Big publishers are abusing and monetising the games industry to hell and back. Over the past decade, big publishers have introduced more and more money-making schemes to try to nickel and dime their customers. Whether it be microtransactions, loot boxes, pre-order DLC, battle passes, or console exclusive content, publishers have innovated more in extra revenue than they have actual gameplay. This rampant monetisation is everything wrong with Marvel’s Avengers. I want to stress that this is not a review, but a criticism of the game’s monetisation and obsession with popular titles.
I’d also like to reconfirm my stance on microtransactions. Earlier this year I wrote an article detailing how microtransactions are essential for some games to function. Free to play games like Apex Legends and Fortnite would not be thriving as well as they are if they hadn’t adopted the free to play model. Similarly, smaller indie titles like Fall Guys rely on microtransactions to fund the development of constant free updates. However, I also state that we should criticise publishers that abuse them. With Marvel’s Avengers, Square Enix have been given an inch, and they’ve taken the whole mile.
Money, Money, Money
It’s no secret by now that Square Enix has heavily monetised Marvel’s Avengers. The publisher has utilised every shady tactic to turn the game into a massive money making behemoth. Extra skins have been turned into timed exclusives with certain Internet providers, and Spider-Man is a PS4 exclusive. It’s only speculation, but it feels like these skins aren’t for customers, but so Square Enix can take a nice fat cheque from Verizon and Virgin Media. It’s content to make money for the publisher, not for fan enjoyment or to improve the game.

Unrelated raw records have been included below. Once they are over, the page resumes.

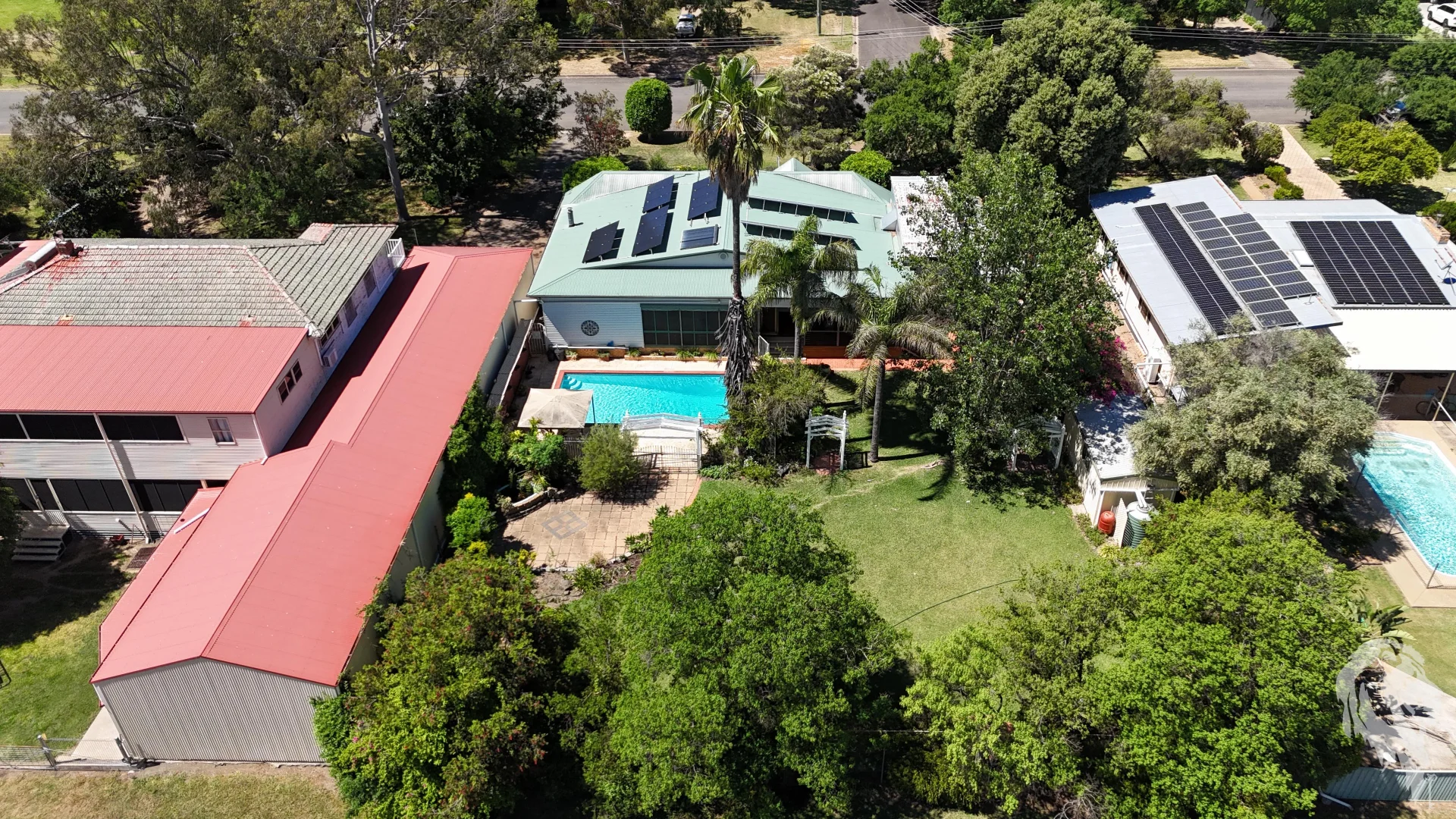 Additional image 30 of 115 Gibbons Street, Narrabri NSW 2390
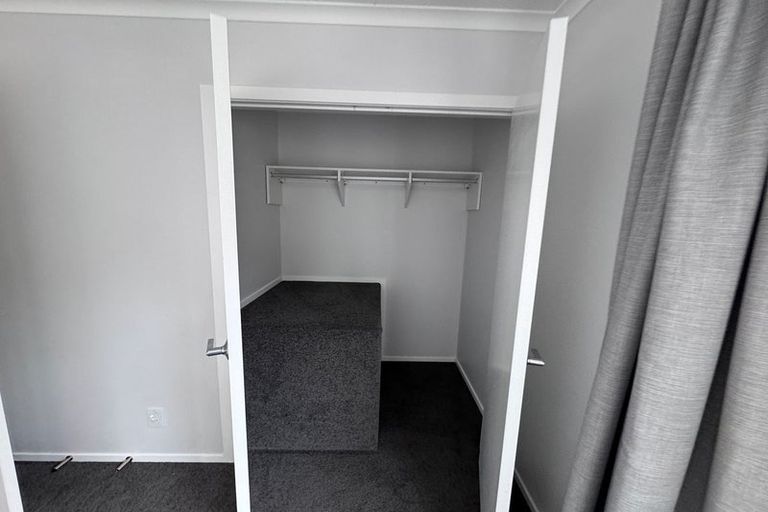 Photo of property in 7 Doug Jensen Street, Wallaceville, Upper Hutt, 5018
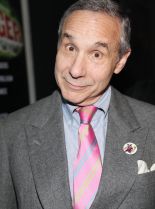 Lloyd Kaufman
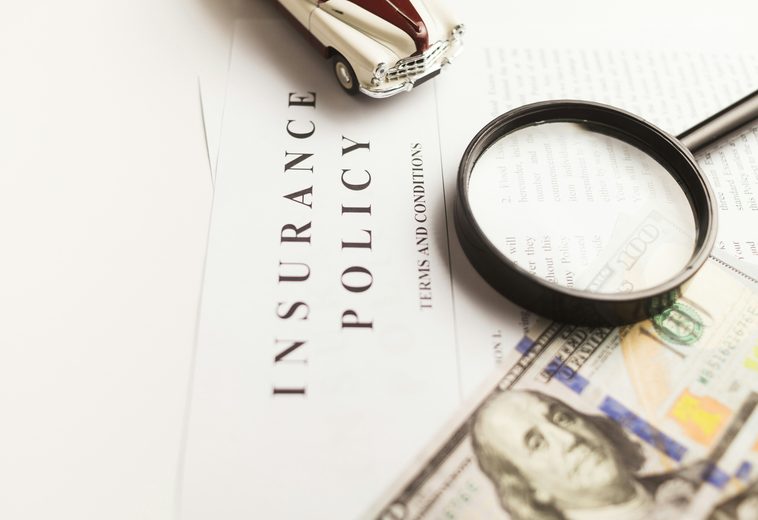 YC-backed Soteris launches new AI tool that finds the money insurers are already losing 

Then there’s the in-game monetisation. Never in my life have I seen a more manipulative, confusing, and greedy system. On top of regular microtransactions, there’s a constantly rotating store to put a time pressure on people. Each new hero introduced after launch will come with a $10 battle pass. These battle passes will give you your credits back, but only if you complete them within a certain timeframe. Luckily, if you don’t have the time, Square Enix are also selling level skips to get through them faster.
Remember instruction booklets? For those that can’t, they were big thick booklets you’d find in your game cases that gave you an outline of the controls before you started playing a game. However, gone are the days of instruction booklets. Instead, they’ve been replaced by lengthy blog posts detailing how you can buy things in the game you’ve already bought. When you need a spreadsheet just to make sure you’re getting the most bang for your buck, something somewhere has gone horribly wrong.
Every Game The Same
When big publishers aren’t abusing microtransactions, they’re finding alternative ways to make their games the same as other successful games. Previews of Marvel’s Avengers haven’t been great, with many labelling the game a poor man’s Destiny. With these previews, we see another massive problem in the games industry. If one developer does something popular, you can bet your house on it that others will scramble to pump out their versions of the same game. Every big publisher out there tries to take a slice of the market until the genre is then overly saturated. Another popular concept comes along, rinse and repeat.
Call of Duty, Fornite, and Destiny all have their clones yet still maintain their huge player bases. This is because these games exist, and pulling players away from their already established worlds is a monumental task. You need something fresh and exciting to drag people away, but this doesn’t interest the big publishers. They see something massively popular and try to imitate it. When they inevitably don’t see the same sales figures, they abandon a game and sometimes close a studio.
Mediatonic is receiving tremendous amounts of praise and success over Fall Guys. They thought of something outside of the box and brought something new to a saturated genre. Everything wrong with Marvel’s Avengers results from too much corporate involvement in a creative project. Massive amounts of monetisation, stale and repetitive gameplay that’s been done before, and a hugely popular brand to capitalise on. It’ll probably sell millions, but ask yourself why Square Enix need to excessively monetise a game that’s obviously going to do well. It’s because despite making hundreds of millions, they still want more.